Executable philosophy

“Executable philosophy” is Eliezer Yudkowsky’s term for discourse about subjects usually considered to belong to the realm of philosophy, meant to be applied to problems that arise in designing or aligning machine intelligence.

Two motivations of “executable philosophy” are as follows:

  1. We need a philosophical analysis to be “effective” in Turing’s sense: that is, the terms of the analysis must be useful in writing programs. We need ideas that we can compile and run; they must be “executable” like code is executable.

  2. We need to produce adequate answers on a time scale of years or decades, not centuries. In the entrepreneurial sense of “good execution”, we need a methodology we can execute on in a reasonable timeframe.

Some consequences:

  • We take at face value some propositions that seem extremely likely to be true in real life, like “The universe is a mathematically simple low-level unified causal process with no non-natural elements or attachments”. This is almost certainly true, so as a matter of fast entrepreneurial execution, we take it as settled and move on rather than debating it further.

  • This doesn’t mean we know how things are made of quarks, or that we instantly seize on the first theory proposed that involves quarks. Being reductionist isn’t the same as cheering for everything with a reductionist label on it; even if one particular naturalistic theory is true, most possible naturalistic theories will still be wrong.

  • Whenever we run into an issue that seems confusing, we ask “What cognitive process is executing inside our minds that feels from the inside like this confusion?”

  • Rather than asking “Is free will compatible with determinism?” we ask “What algorithm is running in our minds that feels from the inside like free will?”

    • If we start out in a state of confusion or ignorance, then there might or not be such a thing as free will, and there might or might not be a coherent concept to describe the thing that does or doesn’t exist, but we are definitely and in reality executing some discoverable way of thinking that corresponds to this feeling of confusion. By asking the question on these grounds, we guarantee that it is answerable eventually.

  • This process terminates when the issue no longer feels confusing, not when a position sounds very persuasive.

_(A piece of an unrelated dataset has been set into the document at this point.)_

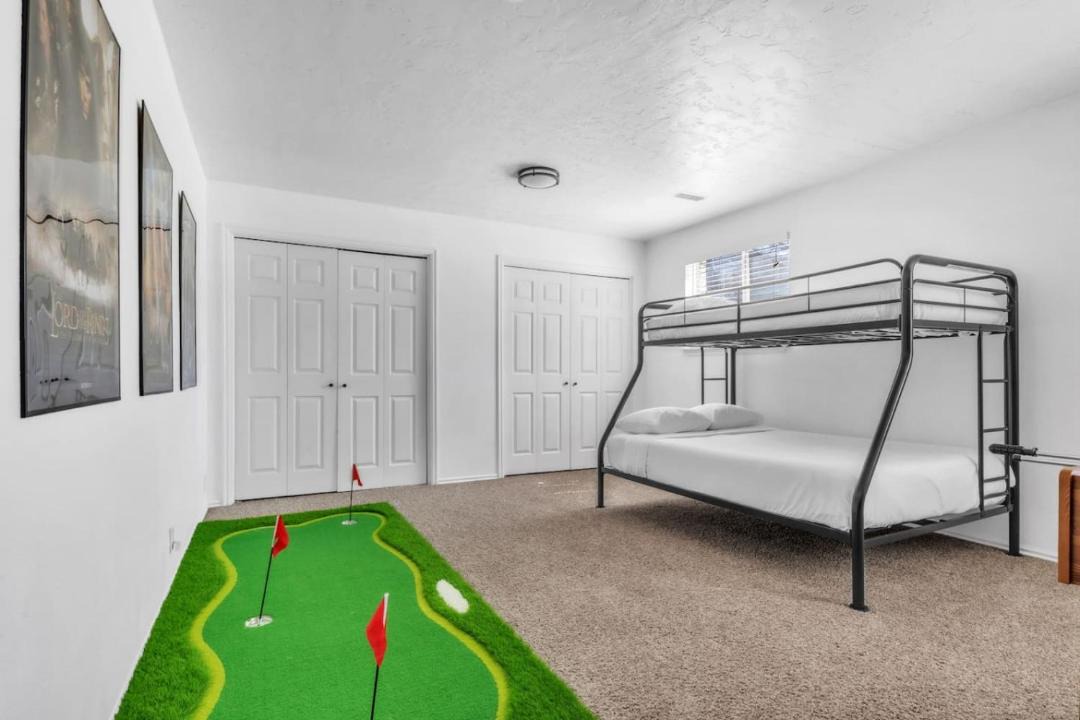 Photo of Bedroom in Lakeview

  • “Confusion exists in the map, not in the territory; if I don’t know whether a coin has landed heads or tails, that is a fact about my state of mind, not a fact about the coin. There can be mysterious questions but not mysterious answers.”

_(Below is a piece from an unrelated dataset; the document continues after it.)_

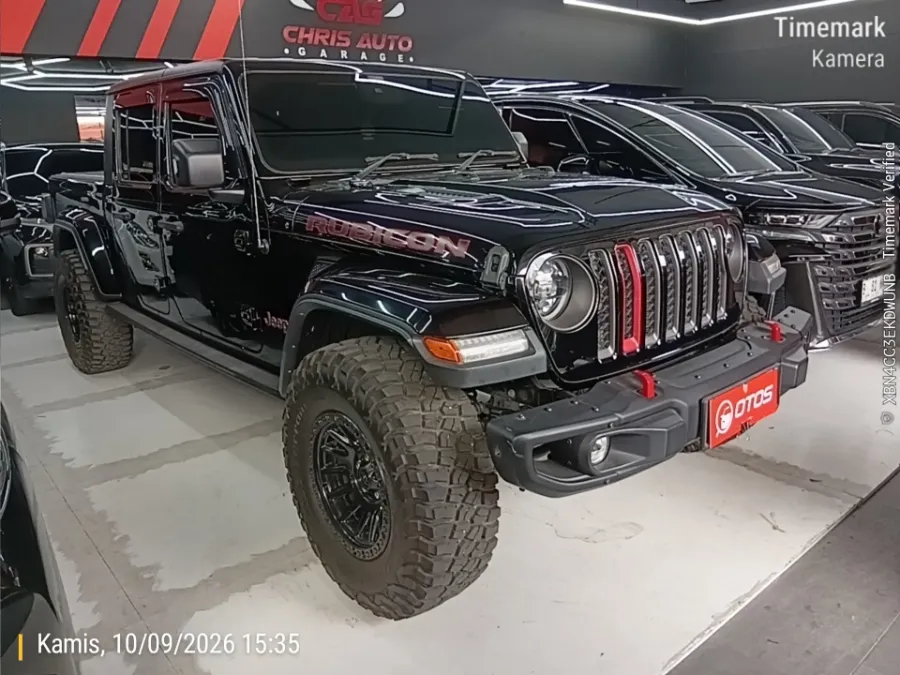 Foto Mobil Bekas Kanan Depan Jeep Gladiator 3.6 Rubicon tahun 2023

  • We do not accept as satisfactory an argument that, e.g., humans would have evolved to feel a sense of free will because this was socially useful. This still takes a “sense of free will” as an unreduced black box, and argues about some prior cause of this feeling. We want to know which cognitive algorithm is executing that feels from the inside like this sense. We want to learn the internals of the black box, not cheer on an argument that some reductionist process caused the black box to be there.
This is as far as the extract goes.